### SOURCE DATA:
--------------------

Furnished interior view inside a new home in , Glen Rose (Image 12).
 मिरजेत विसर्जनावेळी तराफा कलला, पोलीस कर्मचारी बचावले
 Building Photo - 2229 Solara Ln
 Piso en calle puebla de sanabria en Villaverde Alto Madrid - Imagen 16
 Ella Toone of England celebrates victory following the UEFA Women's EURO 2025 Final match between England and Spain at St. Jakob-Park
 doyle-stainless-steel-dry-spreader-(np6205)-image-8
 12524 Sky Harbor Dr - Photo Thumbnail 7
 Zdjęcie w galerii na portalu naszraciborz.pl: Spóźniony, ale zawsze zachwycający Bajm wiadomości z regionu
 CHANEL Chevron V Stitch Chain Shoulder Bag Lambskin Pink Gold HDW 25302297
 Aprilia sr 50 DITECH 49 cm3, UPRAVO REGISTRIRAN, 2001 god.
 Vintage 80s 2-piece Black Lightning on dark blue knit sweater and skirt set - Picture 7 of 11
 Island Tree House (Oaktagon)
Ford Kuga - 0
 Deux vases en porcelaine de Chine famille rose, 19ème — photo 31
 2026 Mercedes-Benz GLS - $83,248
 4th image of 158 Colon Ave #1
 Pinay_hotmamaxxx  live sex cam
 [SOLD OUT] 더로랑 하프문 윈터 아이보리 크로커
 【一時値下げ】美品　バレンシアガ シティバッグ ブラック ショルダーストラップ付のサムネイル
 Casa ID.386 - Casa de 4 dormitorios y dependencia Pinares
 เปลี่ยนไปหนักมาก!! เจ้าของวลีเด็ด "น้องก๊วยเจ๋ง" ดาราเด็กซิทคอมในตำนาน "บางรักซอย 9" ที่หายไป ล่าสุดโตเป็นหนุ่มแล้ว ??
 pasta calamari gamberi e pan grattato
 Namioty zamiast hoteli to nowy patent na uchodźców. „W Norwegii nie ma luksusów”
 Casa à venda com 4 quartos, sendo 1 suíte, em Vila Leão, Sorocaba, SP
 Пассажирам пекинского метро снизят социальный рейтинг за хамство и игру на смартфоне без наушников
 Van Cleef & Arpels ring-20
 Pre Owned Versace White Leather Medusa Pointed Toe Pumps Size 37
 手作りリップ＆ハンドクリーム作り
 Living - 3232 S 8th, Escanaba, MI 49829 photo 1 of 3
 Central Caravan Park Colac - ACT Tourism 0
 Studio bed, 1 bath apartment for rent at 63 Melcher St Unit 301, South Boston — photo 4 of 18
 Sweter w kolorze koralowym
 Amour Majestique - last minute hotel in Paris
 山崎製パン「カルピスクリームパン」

--------------------

### INSTRUCTIONS FOR THE TASK:
Extract every line containing the string "Casa" from the data above.

### ANSWER BOX:
 Casa ID.386 - Casa de 4 dormitorios y dependencia Pinares
 Casa à venda com 4 quartos, sendo 1 suíte, em Vila Leão, Sorocaba, SP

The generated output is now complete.